Master Sam was waitin' for her at the train tracks with another red umbrella. He had on a red robe with neck embroidery, but the rain made the lower part of his dress look darker, like someone dipped him in blood. He looked in my
direction, took her by the shoulder, and then those umbrellas just disappeared behind the mangroves.

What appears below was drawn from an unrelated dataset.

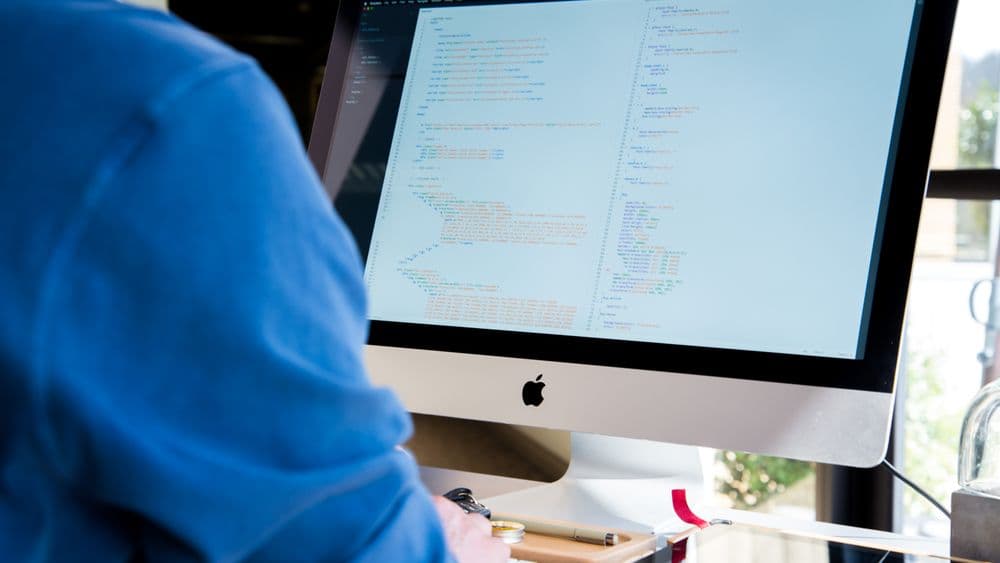 A search firm processor matching a property address to a UPRN before sending the council request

When I got back, I was soaked. I made sure to walk slow through the showers, cos rain and tears, they look alike. Well, Moms, she was mad and told me I didn't listen when she spoke, and one day I'd get into big trouble for it. She said all this in front of Tony's girl, who was about twenty. Didn't matter, I'd taken a break from older women. And Vietnamese ones too.

Anyway, poor Tony couldn't even get to the car out at the tracks. I remember his girlfriend wanted to get back to her college dorm, and she needed to make a call to her dad. That expensive hand-held phone in her bag was as big as a damn buildin', but she couldn't get no signal out there behind God's back. Ma Campbell said she once heard they don't work well in the rainy weather, but on account of that lovely mermaid story, I think they should have that old woman hooked up to a lie detector all day long.

Twenty-Six

Now, don't you let that clock fool you. It drags your days through the mud, but races off your years when you're not lookin'. So don't be surprised when there's a wrinkle at the corner of your smile and a strip of grey where a milk moustache used to be. My pops said that time should stop when you step into your house, so we never had a clock. But, hell, we weren't livin' at our house no more, so we needed to get used to that big monstrosity of a grandfather clock over at Ma and Pa Campbell's. Now,
there's
one miserable machine to measure your life with. Forget the chimes – the tickin' drove you crazy long before you got there. And those hands, those three hands didn't help you do anything. They were only there to point out your limits, man.

It also didn't help that the thing was so “classic” that it looked like Dracula's vertical casket, no lie – but Ma Campbell, she was proud of that piece of funeral-home furniture. Said it was a “gen'wine Victorian Mellard” – which sounded quite uppity for a woman who would eat the fried skin off anything.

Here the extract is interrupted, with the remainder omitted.